Я стояла на коленях, прижимая к себе Алана, и смотрела на снег, он падал, заметая бескрайнее поле, там не было ветра, не было луны или неба, просто поле и снег, и мы двое, без цели и смысла. Я собиралась протащить Алана на свою сторону, но здесь не было сторон, и тащить его я никуда не могла, я даже на коленях стояла с трудом. Ослабив остатки контроля, я расслабила руки, которыми обнимала его, закрыла глаза и села на снег, а потом легла, не делая больше ничего. Когда я открыла глаза, мы с Аланом сидели в палатке, бессильно опустив руки и упираясь лбами друг другу в плечи, как самонапряжённая конструкция, которая держит себя сама за счёт гравитации. Боли больше не было.

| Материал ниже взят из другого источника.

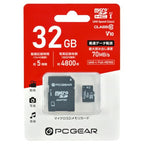 Ohm PCGEAR PC-MMS32G-K 32GB microSDHC Card with Adapter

Боль как бы была, но она была далеко, в теле Алана происходили какие-то процессы, он дышал, сердце билось, но лицо было полностью расслабленное, как будто он спит, а ауру он как обычно скрыл. Я позвала мысленно:

«Алан?»

«Я здесь, принцесса. Здесь правда легче, ты была права. Дай мне руки.»

Я отодвинулась из части собственного тела, как недавно отодвигалась из захваченного тела вражеского иерарха, Алан осторожно поднял мои руки, пошевелил пальцами, мне опять стало стыдно за то, какие они убогие и некрасивые, я отобрала их и спрятала, он тихо рассмеялся у меня внутри, но настаивать не стал.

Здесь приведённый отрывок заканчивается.